For the first time in years, I do not have a major yard project. The major garden edging project is finished, the hill falling into the lake is stabilized (except for the dratted muskrats who have moved in, which I’m trying to have a more laid-back attitude about), and I have no new gardens planned.
So, for once, I’m weeding regularly and trying to get the whole vegetable garden space under cultivation. I am going to continue to weed it and keep up this year, really!
It’s doing really well this year, partially because I actually got started on time. SE Virginia is zone 7, and our normal last frost date is mid-April, which means that starting things six to eight weeks before that last frost date involves hauling the greenhouse down from the garage ceiling in late February. I found a local hardware/seed store that handed out free schedules for planting in the area. Which is a long explanation of, “I actually planted things as early as they could be planted for once.”
I also blame the nuns. I took some of my very happy, overgrown iris, and other spreading plants for the new gardens (they moved out of their old convent in the middle of the city to a quieter location several years back) of a local cloistered Poor Clare community. “Oh, thank you, and God bless your garden!” Ack! Too late to stop the kind porteress, I am living with the consequences of my garden getting blessed. (and the nuns have received several more deliveries of my extra plants, as has Brother at my parish; it’s a great way to give away large quantities of extra and/or too rapidly spreading plants)

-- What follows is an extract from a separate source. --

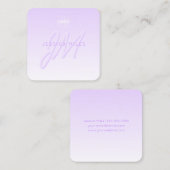 Carte De Visite Carré Nom professionnel et Modèle Slogan | Violet clair (Devant / Derrière)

I tried a few new things last year and am expanding it this year. I’m growing more corn (it was wonderful to eat really fresh-picked corn!) and beans (dry and green). We’ll see if all the compost and turning everything over helped. It’s looking good so far.
The potatoes already look better than they did last year, after a lot less growing time. The wheat was nipped off almost at the ground (blasted bunnies!), but came back thicker than before. The beans are named for the Biblical story of Jacob’s father-in-law trying to cheat him out of his just pay by promising him only the spotted cattle. Miraculously, the cattle had almost all spotted calves that spring. So, Jacob’s Cattle beans are white with red spots.
After the weeding, it’s always important to sit down and appreciate the garden. Without sitting and looking, you get to the point where all you see are the weeds. It’s very discouraging. Which is why, come August, the garden has usually fallen into a state of neglect as I, overwhelmed by endless to-do lists, retreat into the air conditioning.
It’s about the long-term goals, not just today’s problems. I should point out that the same can be said of homeschooling, or parenting in general, or any number of things.
From where I’m sitting, it doesn’t look too bad.